Where the math breaks for new build at 50m
The new-build case at 50m works for buyers who want something the secondary market cannot provide: a specific hybrid propulsion system, a specific layout (typically a single-level master suite with full beam, or an unusual tender configuration), or a specific yard relationship that supports a long ownership horizon. New build also works for buyers who can absorb the depreciation and want a yacht commissioned to spec rather than retrofitted from someone else's spec. For everyone else at 50m, a tier-one yard pre-owned at 6 to 10 years is the right answer.
What we mark up and what we pass on
We mark up Feadship, Lürssen, Amels, and Oceanco secondary inventory in the 6-to-10-year band as the best risk-adjusted entry to the 50m band. We mark up brokers who present the closing wire including transaction costs and post-purchase refit reserve on the first email rather than waiting for the LOI stage. We pass on tier-2 Italian inventory above 12 years old without a documented €1M-plus recent refit. We pass on new-build orders at tier-3 yards for first-time superyacht owners, because the resale floor at 12 to 15 years is too low to recover the initial premium.
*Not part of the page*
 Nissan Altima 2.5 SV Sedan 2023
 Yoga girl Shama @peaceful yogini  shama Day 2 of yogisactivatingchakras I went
For purchase-side reading, see new vs pre-owned, the Feadship review, and the Buy hub. For comparable bands, see 30m purchase cost and 80m purchase cost. For annual line items, see yacht ownership annual costs.
Frequently asked questions
How much does a 50m yacht cost to buy? A new 50m motor yacht runs $35M to $80M from a top-tier Northern European yard, $30M to $55M from an Italian semi-custom yard. A 6-year-old tier-1 50m runs $40M to $65M. A 10-year-old tier-2 50m runs $14M to $28M.
What does a 50m yacht cost to run annually? $2.5M to $4.5M, or 9 to 12 percent of value. Crew is the largest line.
Is new or pre-owned the better buy at 50m? Tier-1 pre-owned at 6 to 10 years is the best risk-adjusted entry. New build at 50m makes sense for full-custom layouts or specific propulsion choices that are not available secondary.
How long does a 50m new build take to deliver? 36 to 48 months for tier-one custom, 30 to 36 months for Italian semi-custom. Feadship and Lürssen slots are 4 to 5 years out.
What is the typical 50m depreciation curve? Tier 1 holds 70 to 80 percent of value at year 5, 50 to 60 percent at year 10. Tier 2 holds 55 to 65 percent at year 5, 30 to 45 percent at year 10. Refit cycle matters more than chronological age past year 12.